Monday, March 20, 2006

Serge Lang vs. Bob Somerby in a BLOWOUT!

I knew Serge Lang as the man who would walk into my math classes and start asking us questions, often to the professor's dismay. (Sometimes he asked the professor questions too: "Are you using my textbook? Why not?")

Besides math, Serge Lang is famous for two things: claiming that the link between HIV and AIDS has not been established, and keeping Samuel Huntington out of the National Academy of the Sciences. Lang gave me a few hundred pages of documents about the conflict, as he did with anyone who was willing to listen to him. He claimed that Huntington's papers were "utter nonsense." His biggest objection was to a paper Huntington wrote that purported to demonstrate the link between a society's frustration and instability. One of his indices classed South Africa as a "satisfied society." Lang thought (rightly) that Huntington's effort to quantify oppression and instability didn't correspond to reality. Huntington's defenders typically turned this into a straw-man argument. They said that Serge Lang objected to any attempt to turn things like frustration and instability into numbers, and that the argument was caused by a mathematician's resentment of the "soft" sciences. (See Jared Diamond's Soft sciences are often harder than hard sciences in Discovery.) Lang didn't actually have any problem with using numbers to measure satisfaction; his objection was that Huntington's index in fact measured nothing. Lang particularly hated Fareed Zakaria, now the editor of Newsweek, who wrote a letter saying that it was "a fact" that in the sixties, there were no "major riots, strikes, or disturbances" in South Africa. Lang had a file of New York Times articles on South Africa, all contradicting Zakaria.

Serge Lang's way of talking to students about this was to invite them to his office to take his test, which would determine whether they could tell "a fact from a hole in the ground." After explaining Huntington's paper and showing you Zakaria's letter, he asked two questions: 1) Did Fareed Zakaria use the word "fact" in his letter? 2) Comment on Fareed Zakaria's letter. The correct answer to the first question was yes; the correct answer to the second was either, "It is untrue that there were no major strikes, disturbances, or riots in South Africa in the sixties," or "I am not familiar enough with the history of South Africa to judge whether Fareed Zakaria is correct or not." After you answered, Lang had you sign and date your paper, which he would store somewhere secure. (I failed, like everyone else.)

At this point, Lang would explain the problem with academia: nobody bothered to find out whether claims were true. Instead, people just did "theoretical bullshit."

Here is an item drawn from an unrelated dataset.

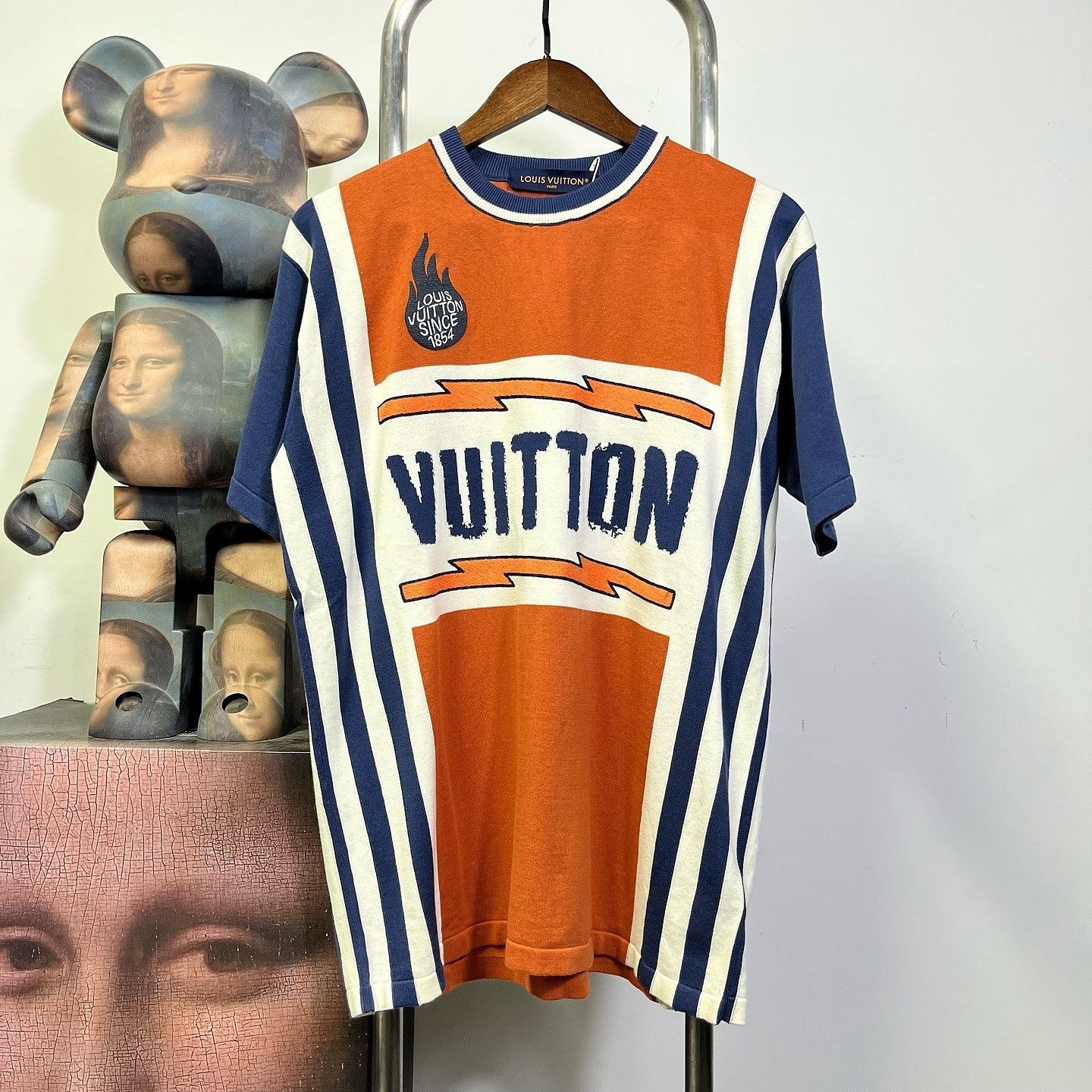 Louis Vuitton Louis Vuitton Logo T-Shirt Size M Size US M / EU 48-50 / 2 - 1 Thumbnail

Bob Somerby has a political blog that predates the word blog. He makes the same argument as Lang, but directed towards the media, saying that they ignore facts because they find it hard to figure out what's true and what's not. Some representative articles:

6 comments:

Seth said...

Like the Pavement reference (which I think about 6 people in the world would catch). Do you remember who the original BLOWOUT contestants were? I think I do and will post my answer in 24 hours.

Toby said...

I was planning to end the post with, "If you got the Pavement reference in the title of this post, you're probably my brother."

Seth said...

Great minds think alike.

Seth said...

Jon Spencer and Neil Hagerty.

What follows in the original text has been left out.